▶ **Task**
From start to end, write out the following data exactly, apart from its images.

▶ **Data**
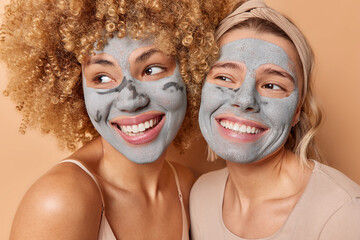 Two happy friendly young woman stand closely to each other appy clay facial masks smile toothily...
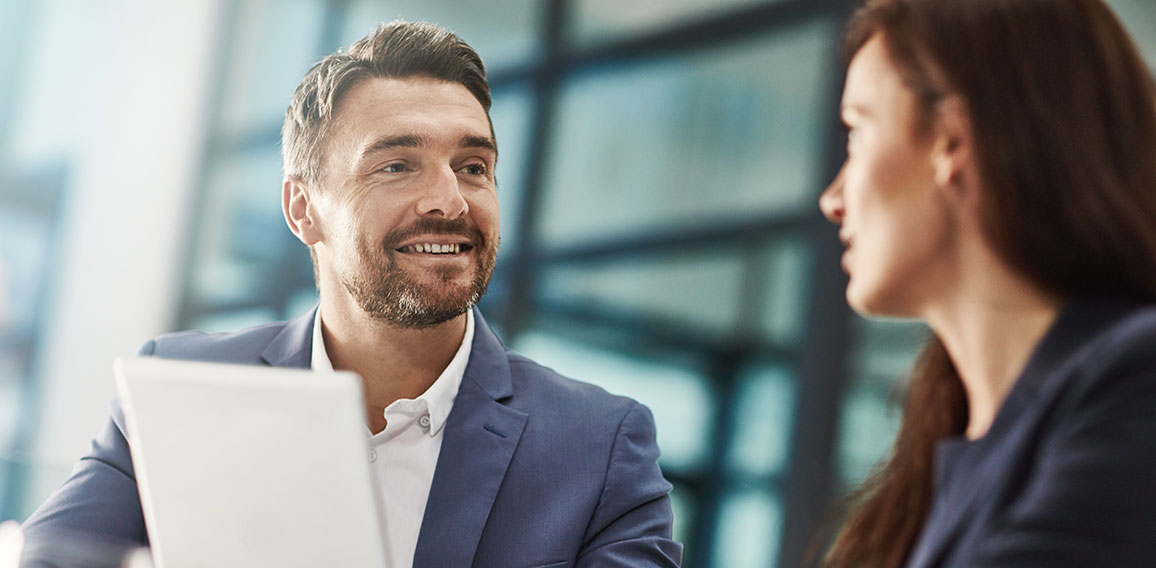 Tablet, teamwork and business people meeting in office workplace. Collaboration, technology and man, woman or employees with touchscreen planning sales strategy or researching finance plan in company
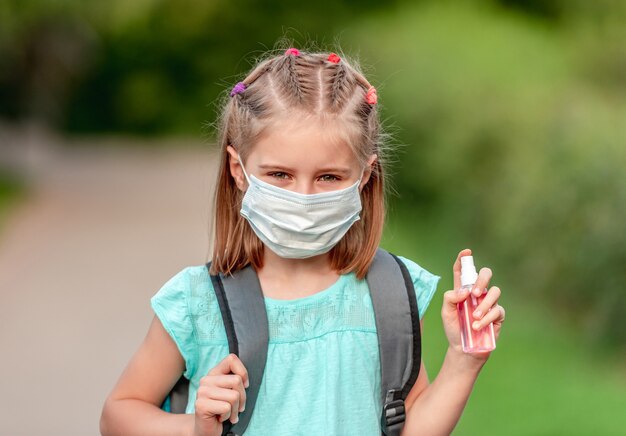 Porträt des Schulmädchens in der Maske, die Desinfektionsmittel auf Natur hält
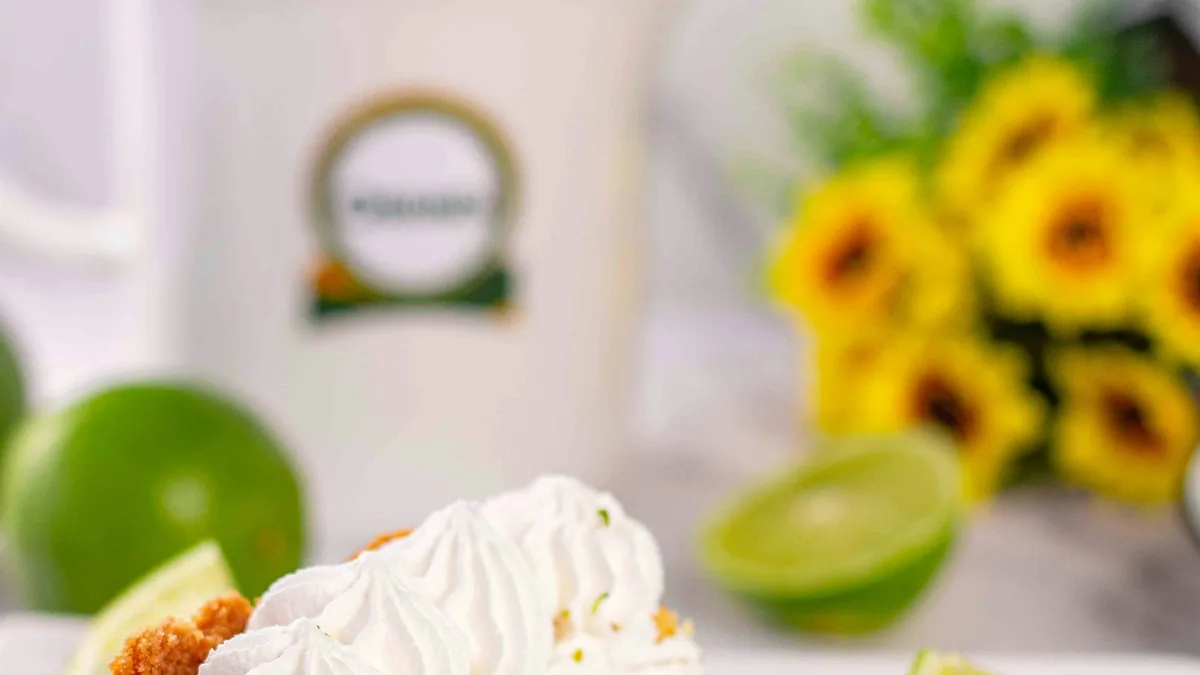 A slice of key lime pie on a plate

▶ **Result of this exercise**
 Two happy friendly young woman stand closely to each other appy clay facial masks smile toothily...
 Tablet, teamwork and business people meeting in office workplace. Collaboration, technology and man, woman or employees with touchscreen planning sales strategy or researching finance plan in company
 Porträt des Schulmädchens in der Maske, die Desinfektionsmittel auf Natur hält
 A slice of key lime pie on a plate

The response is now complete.